Gerade vor dem Hintergrund der aktuellen Ereignisse erscheint mir Johannes Rau wie ein Relikt längst vergangener Epochen. Das "Allgemeinwohl" war für ihn noch kein überholter Begriff, gesellschaftliche Solidarität kein Muster ohne Wert und ein guter Kompromiss galt ihm mehr als ein verlustreicher Sieg.
In den USA des Donald Trump kann man momentan sehen, wohin es führen kann, wenn Politikern diese Orientierung fehlt. Um ins Weiße Haus einziehen zu können, hat sich dort der Präsident zur Geisel von Gruppen gemacht, zu denen sogar rechtsextreme Terroristen gehören. Die Folge: Statt mit klaren Worten einem weißen Rassismus entgegenzutreten, der einmal mehr Menschenleben kostete, konnte Trump an diesem Wochenende zunächst nur allgemein die Gewalt "auf vielen Seiten" verurteilen und billige Betroffenheit bekunden – "Charlottesville sad!". In dem Versuch, den rechten Flügel seiner Anhängerschaft nicht zu verprellen, vertiefte er damit den Graben, der sich mittlerweile kaum überbrückbar durch die amerikanische Gesellschaft zieht.

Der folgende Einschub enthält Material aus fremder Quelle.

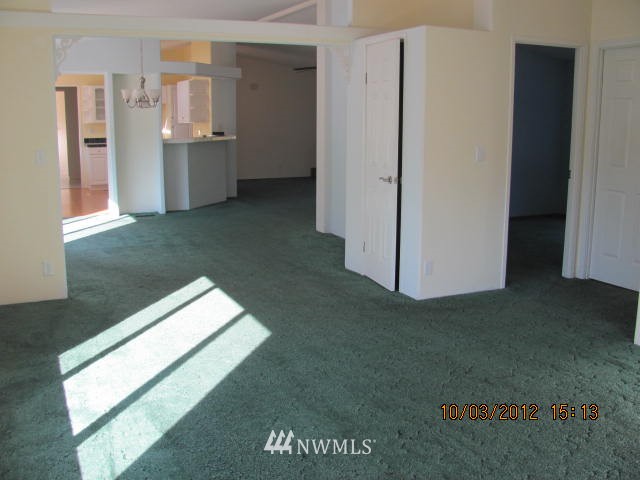 351 Ne Lake Belfair, WA 98528 - Photo 10 of 14 Gallery Image 10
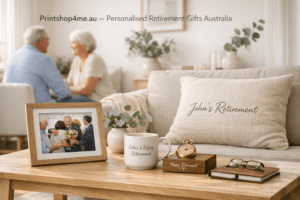personalised-retirement-gifts-Australia.png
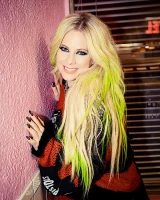 Favorito especial de pink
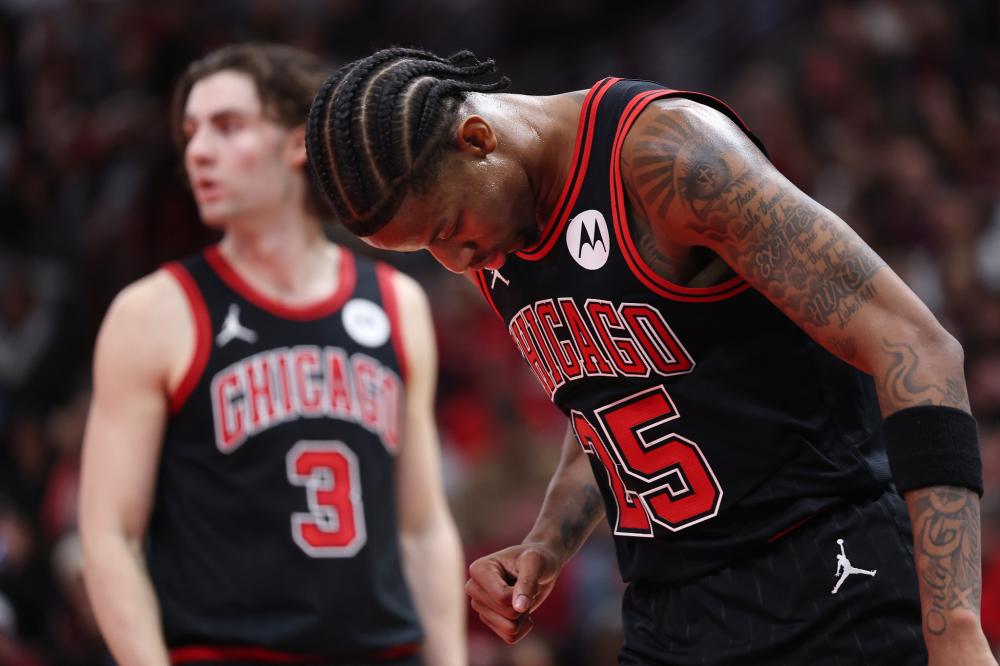 员的出手节 员的出手节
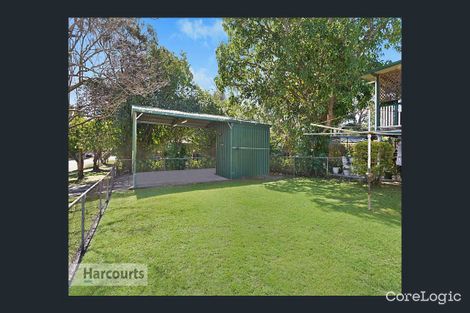 Property photo of 35 Hudson Avenue Mitchelton QLD 4053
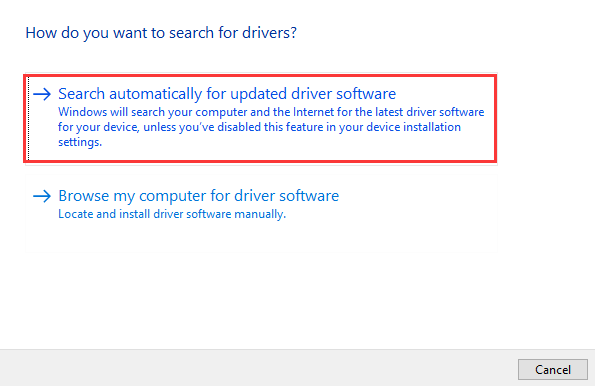 microsoft controller drivers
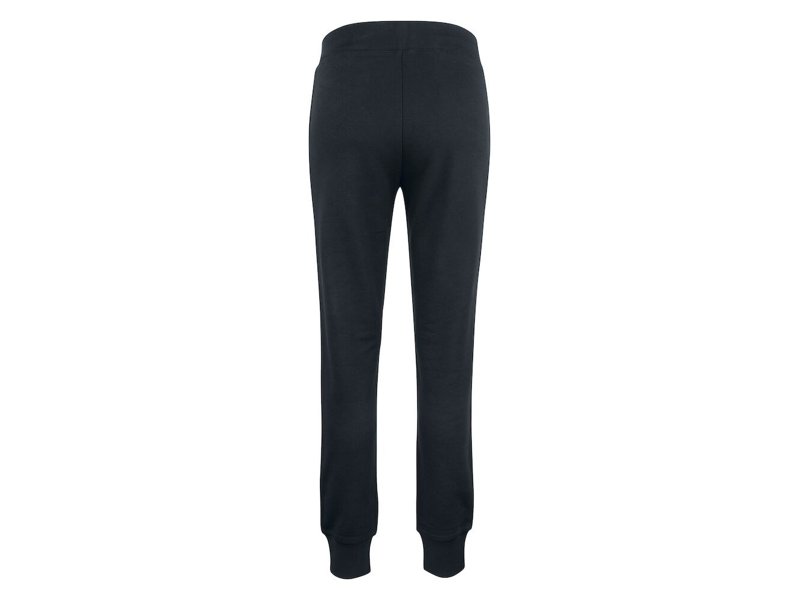 Clique Premium OC Pants Ladies Clique Premium OC Pants Ladies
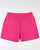 Henri Lloyd Brixham Swim Shorts Dark Pink
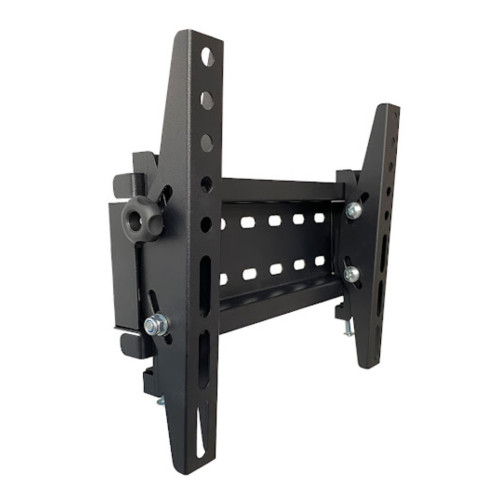 Кронштейн Charmount TV02F Black – CHARMOUNT (вид 1)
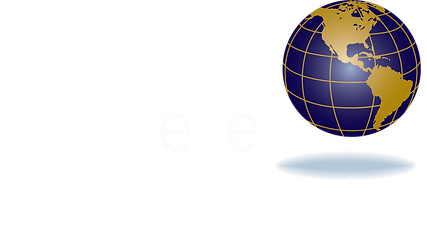 PLM dre logo white.png
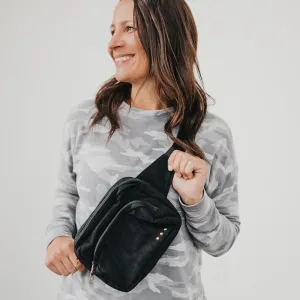 Tuscany Sling Bag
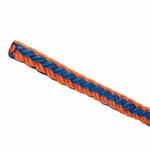 TEUFELBERGER tRex Blue 7/8" Spool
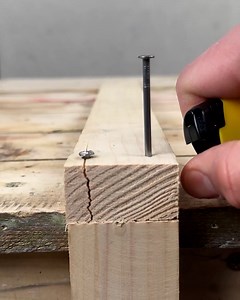 Genius hacks you’ll wish you knew sooner! | Genius Craft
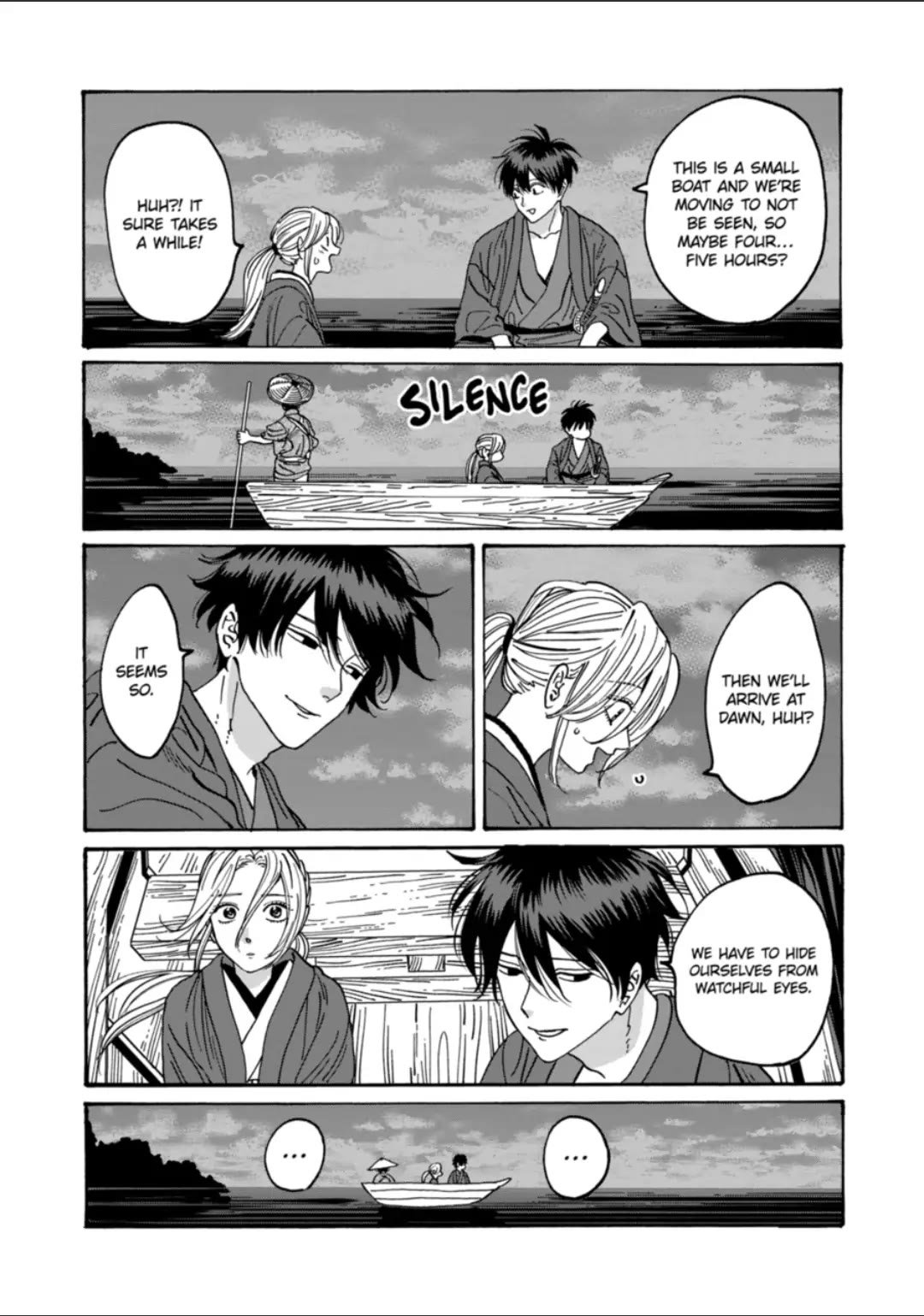 Chapter image 10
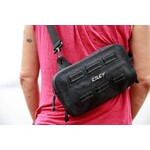 Riley Outdoors Dry Hip Pack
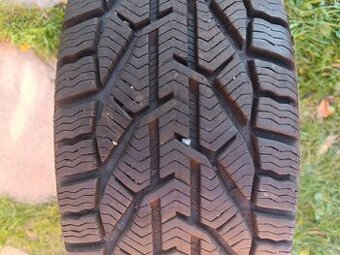 Prodám pneu 185/55 R15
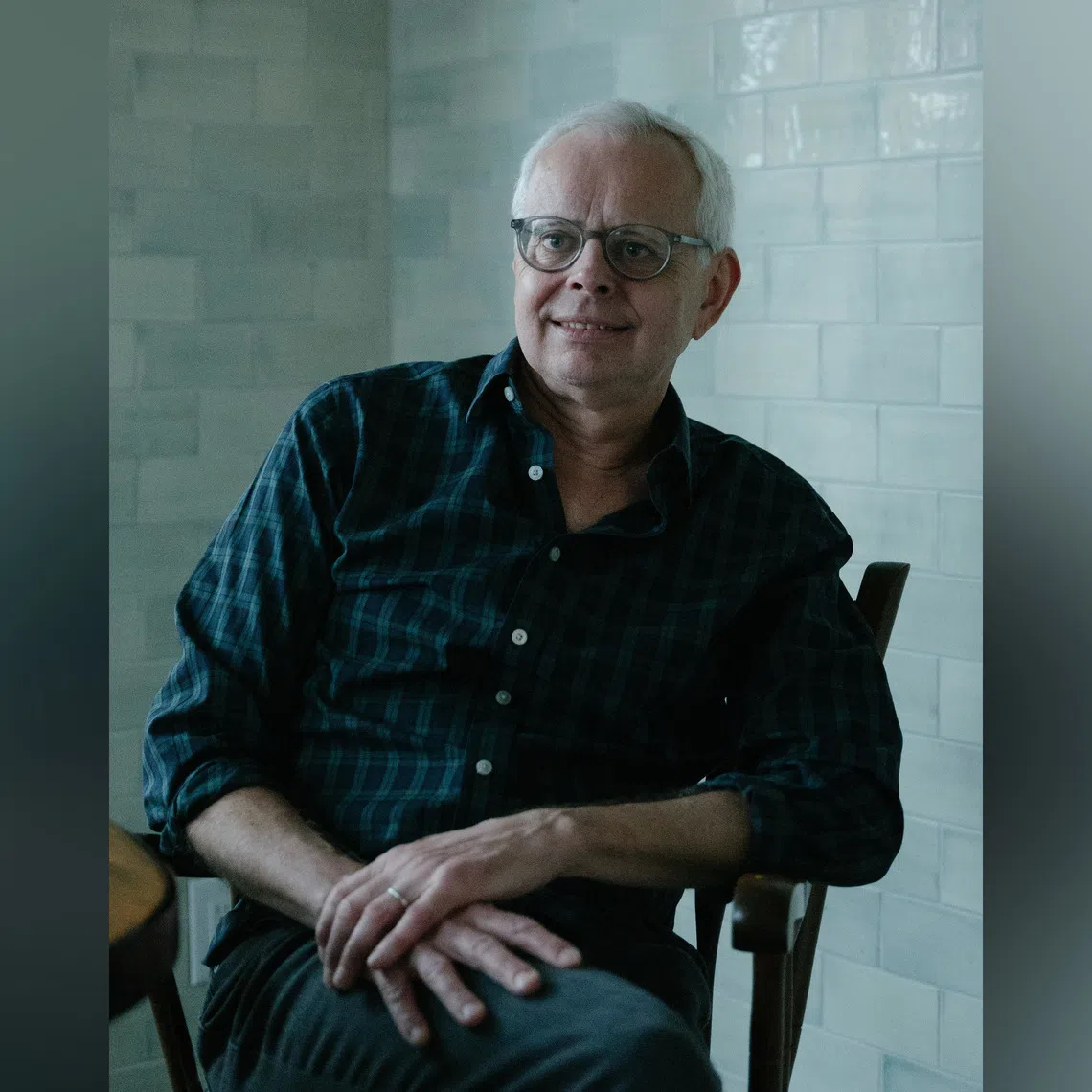 Clements' advice for investors - winning is not everything but losing will cause much pain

Zu versöhnen statt zu spalten, dieses Talent scheint dem Politiker Trump nicht gegeben zu sein; weder im eigenen Land, noch im Konflikt mit Nordkorea oder im Fall Venezuela, wo er ja ebenfalls mit militärischem Eingreifen gedroht hat. Ihm seinen Kollegen Rau für einen präsidialen Fernkurs in Sachen Beziehungsmanagement zu empfehlen, dafür ist es leider zu spät, aber vielleicht könnte er wenigstens einen schnellen Blick in die Bibel werfen, auf die er im Januar seinen Amtseid abgelegt hat. Mein Tipp: Matthäus 5,9 mit der Verheißung "Selig, die Frieden stiften; denn sie werden Söhne Gottes genannt werden." Immerhin ein Titel, der einen Donald Trump durchaus reizen könnte. Und wenn er ihn sich wirklich verdiente, hätten wir sogar alle etwas davon.